When I was in university I used to always go to the supermarket and get a fruit, granola and yogurt parfait when I wanted something "healthy" for breakfast. The ones I bought had more sugar than they did anything else and don't even get me started on what yogurt used to do to my stomach. Not to mention the big old "granola is always healthy" myth that I used to subscribe to. Mass-marketed granola, like the kind found in mass-marketed fruit and yogurt parfaits, is often highly processed and loaded down with enough sugar to make it inticing to the masses. I'm pretty sure all I got from those parfaits was a crash three hours later.
I did always really like the taste, though, so when I saw a recipe for a living fruit parfait in Ani's Raw Kitchen I thought I'd give it a try.
Truthfully, I haven't had the time to experiment with this cookbook as much as I'd have liked to since I got it last month. And honestly, with the colder weather these days I've found myself leaning more toward comfort foods of the piping hot variety. Also, I find that I have trouble digesting all-raw, all-the-time. Probably just because my body isn't used to being treated that well. Ha!
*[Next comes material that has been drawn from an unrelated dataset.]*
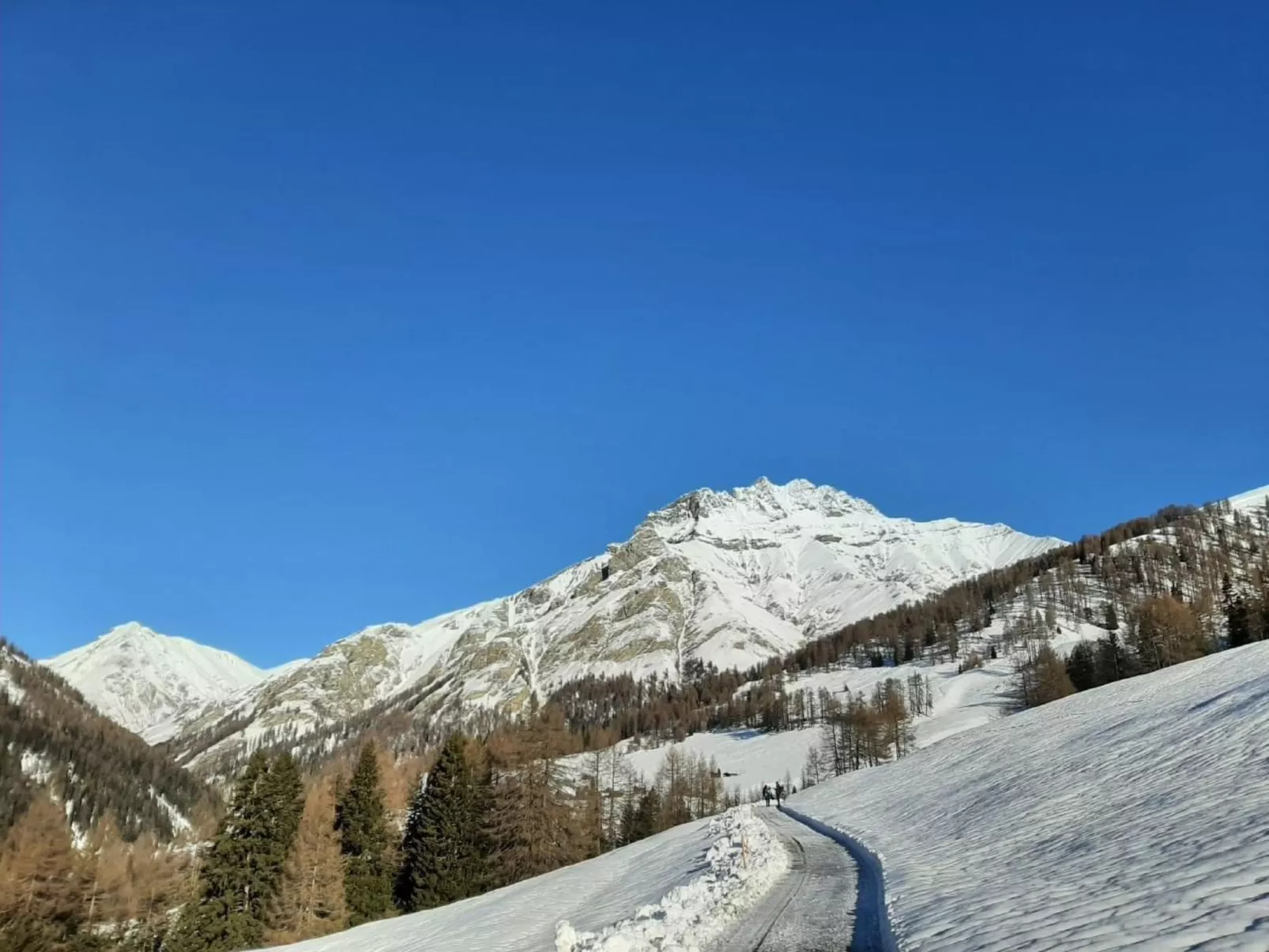 Pensiun Tung-Outside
All the same, I really have to stop looking at raw food as an all-or-nothing thing. I need to start incorporating more raw into my diet, even if it's just a small part of a mostly non-raw meal. I've recently started replacing breakfasts with Vega-fortified green smoothies and I can't even begin to describe the difference it's made in my daily energy levels. There is a huge difference between the days I have the smoothie and the days I don't, and it's enough for me to realize that I need to incorporate more raw elements into other meals as well.
The first step in putting together the parfait is making Ani's "Buckwheat Crispies", a living cereal made from dehydrated buckwheat groats. Despite its name, buckwheat is a seed rather than a grain and it is entirely gluten-free. High in dietary fiber and magnesium, it's believed to help in lowering the risk of high cholesterol and high blood pressure. It's also considered a better choice than many wheat products for those with blood sugar concerns (that'd be me) and Diabetes. Learn more about buckwheat here.
In other news, dehydrating is scary.
Not really. Only if you haven't done it before. Which I hadn't, until these crispies. Because even though I've had a dehydrator for years, I've always been kind of scared to use it.
The dehydrator is an older model, and it sounds a bit like freight train while it's going. So this project and all future projects will occur behind the closed laundry room door, I think.
Four and a half hours later, your Buckwheat Crispies are good to go, all you need is your non-dairy milk of choice and a bowl! They apparently keep for a long time too so I made a massive batch and stored it in a big glass container for future breakfasts. You can find the recipe for them here.
Instead of the yogurt found in mainstream fruit parfaits, Ani uses a raw pudding. The one I chose is made of cashews, medjool dates, water and coconut. You can find the recipe here.
After that it's just a matter of layering the parfait: fruit (I used bananas and strawberries), buckwheat crispies, pudding, repeat!
The one thing I find most surprising about raw/living foods is how filling they are. I'm not exactly sure why I thought that they wouldn't be. They are whole foods in the purest sense of the term, after all. But honestly, I eat a raw meal and I don't feel even slight hunger discomfort until, like, five hours later.
Eating food without really doing anything to it in the first place. What a concept. It's almost as if it was meant to be that way.